LEARNING TASK NO.
1
GENERAL INSTRUCTION: Write your solution and answer on a separate paper and put
initials/signature on every final answer.
Problem # 1
Pedro and Jose form a partnership for the first time. Their investments are; Pedro is to invest cash amounting to P 70,
000 and Jose is to contribute Merchandise inventory at a P 10,000 cost with fair value of P 20, 000 and Computer
equipment at a cost of P 50, 000 with a fair value of P 30, 000.
Required:
Prepare the necessary journal entries to record the investment of each partner.
Problem #2
Jose has been operating a retail store for a number of years. A statement of financial position on July 1, 2021 is
prepared for Jose Company as follows:
Assets
Cash P 60, 000
Accounts receivable 50, 000
Inventory 70, 000
Equipment P 40, 000
Less: Accumulated Depreciation 4, 000 36, 000
Total Assets P 216, 000
Liabilities and Equity
Accounts payable P 86, 000
Jose Capital 130, 000
Total Liabilities and Equity P 216, 000
Jose needs additional capital to meet the increasing sales and offers Pedro and Interest in the business. Jose and Pedro
agree to form a partnership to be known as JP Partnership; Jose’s business is audited and its net assets are appraised.

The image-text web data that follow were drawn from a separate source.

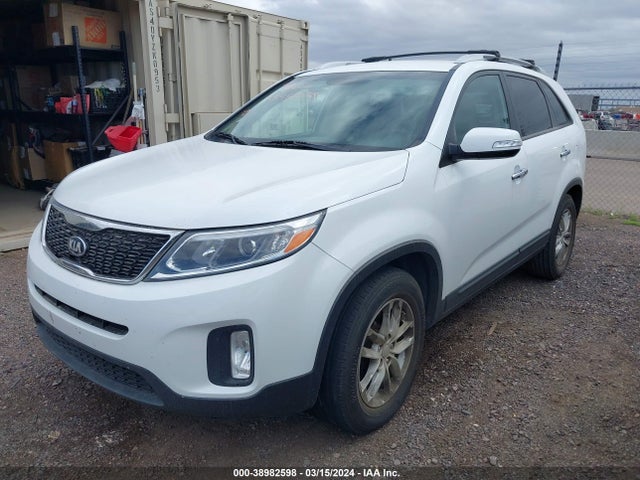 KIA SORENTO LX 2014 5XYKT3A68EG512031 Image 2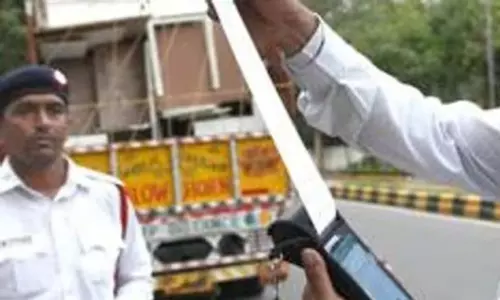 నగరంలో రూ.400 కోట్ల ట్రాఫిక్ జరిమానాలు పెండింగ్.. 50% డిస్కౌంట్ ప్రకటించిన అధికారులు.. ఎక్కడంటే?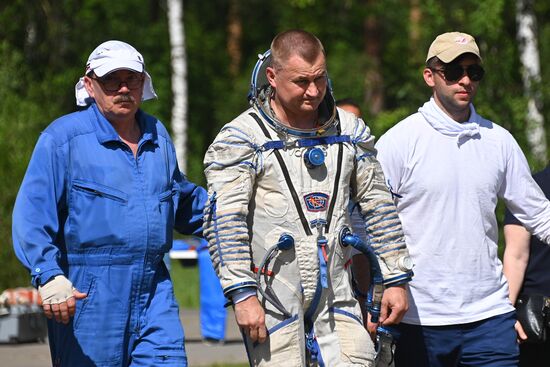 Тренировки экипажа МКС-70 по действиям после посадки спускаемого аппарата на водную поверхность
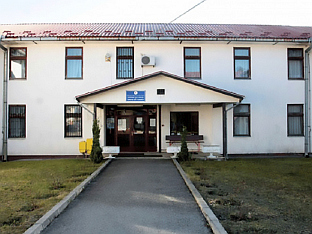 ЛИЦЕ УДАЉЕНО СА РОЧИШТА, НЕПРИМЈЕРЕНО СЕ ОДНОСИЛО ПРЕМА СУДИЈИ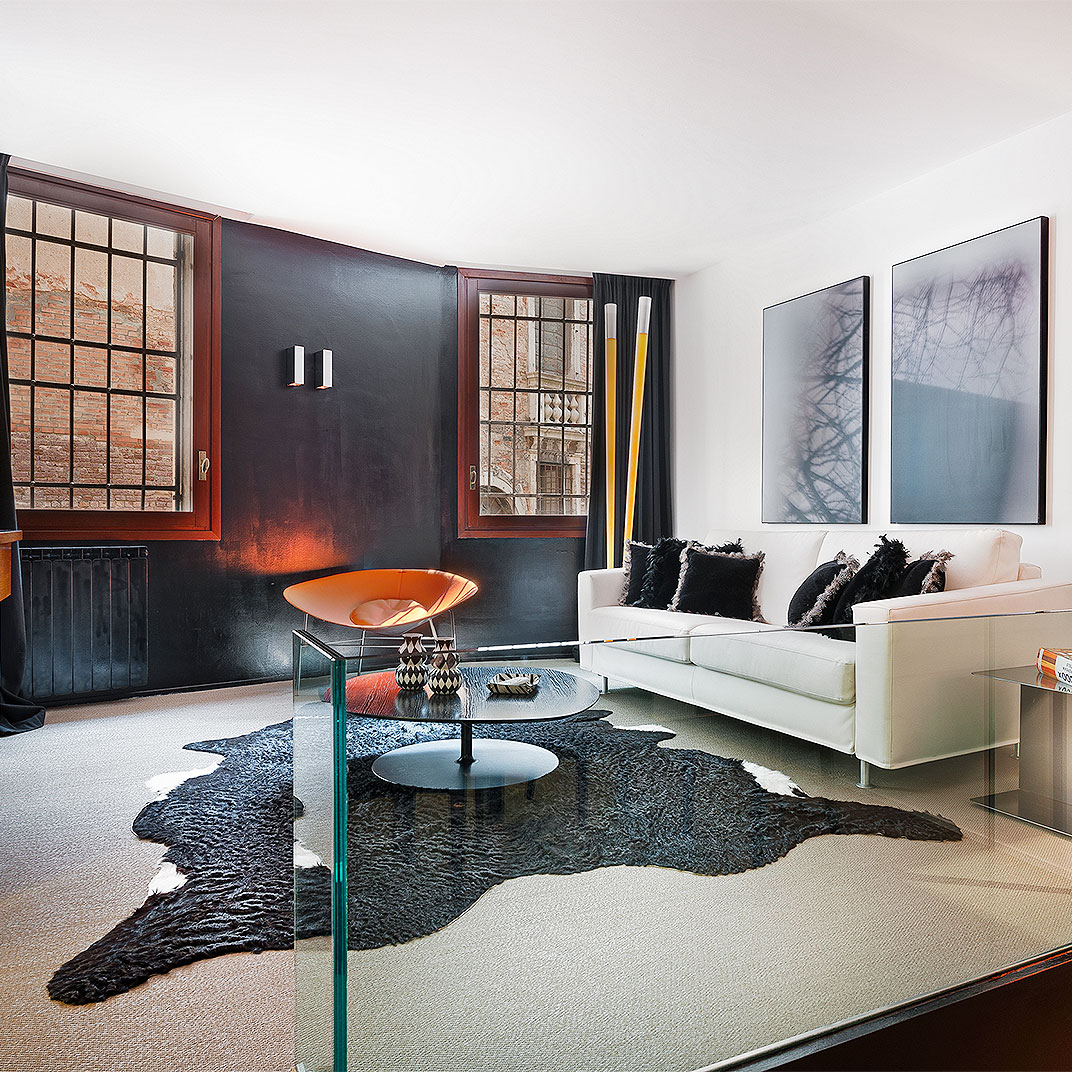Charming House i Qs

The audit and appraisal shows the following:
1. Allowance for bad debts of P 5,000 is to be provided.
2. Inventory is to be recorded at its fair market value of P 80, 000.
3. The equipment is to be valued at 35, 000
4. P 2, 000 of accounts payable has not been recorded.
On July 1, 2021 Pedro contribute P 100, 000 cash for a one-third capital interest. The JP Partnership is to acquire all
of Jose’s business and assume its liabilities.
Required:
Prepare the necessary journal entries to record the formation of the partnership.
Problem #3
On June 30, 2021 Gerry and Henry, competitors in business, decide to consolidate their business to form a partnership
to be called GH Partnership. The statement of financial position of Gerry and Henry on this date are presented below:
Gerry Company
Statement of Financial Position
June 30, 2021
Assets
Cash P 5, 000
Accounts receivable 10, 000
Merchandise inventory 8, 000
Furniture and Fixtures 6, 000
Total Assets P 29, 000
Liabilities and Equity
Accounts payable P 3, 000
Gerry Capital 26, 000
Total Liabilities and Equity P 29, 000
Henry Company
Statement of Financial Position
June 30, 2021
Assets
Cash P 4, 000
Accounts receivable 8, 000
Merchandise inventory 10, 000
Furniture and Fixtures 9, 000
Total Assets P 31, 000
Liabilities and Equity
Accounts payable P 6, 000
Henry Capital 25, 000
Total Liabilities and Equity P 31, 000
The conditions agreed by the partners for purposes of determining their interests in the partnership are presented
below:
a. 10% of accounts receivable is to be set up as uncollectible in each book.
b. Merchandise inventory of Henry is to be increased by P 1, 000.
c. The furniture and fixtures of Gerry and Henry are to be depreciated by P 600 and P 900 respectively.
Required:
Prepare the necessary journal entries to record the formation of the partnership.
Problem #4
Froilan Labausa contributed land, inventory and P 280,000 cash to a partnership. The land has a book value of P 650,
000 and a market value of P 1,350,000. The inventory has a book value of P 600,000 and a market value of P 510,000.
The partnership also assumed a P 350,000 note payable owed by Labausa that was used to purchase the land. Rosalie
Balhag agreed to put up cash equivalent to Labausa’s net investment.
REQUIRED: prepare the journal entry to record Labausa’s and Balahag’s investment in the partnership.
Problem #5
Sabio, as her original investment in the firm of Sabio and Mariano, contributed equipment that had been recorded in
the books of her own business as costing P 900, 000, with accumulated depreciation of P 620, 000. The partners agreed
on a valuation of P 400, 000. they also agreed to accept Sabio’s accounts receivable of P 360, 000, realizable to the
extent of 85%.
REQUIRED: Prepare the journal entry to record Sabio’s investment in the partnership.
Problem #6
Gogola and Paglinawan have just formed a partnership. Gogola contributed cash of P 1,260,000 and computer
equipment that cost P 540,000. The fair value of the computer is P 360,000. Gogola has notes payable on the computer
of P 120,000 to be assumed by the partnership. Gogola is to have a 60% capital interest in the partnership. Paglinawan
contributed only P 900,000. The partners agreed to share profits and loss equally.
Gogola should make an additional investment or (withdrawal) of?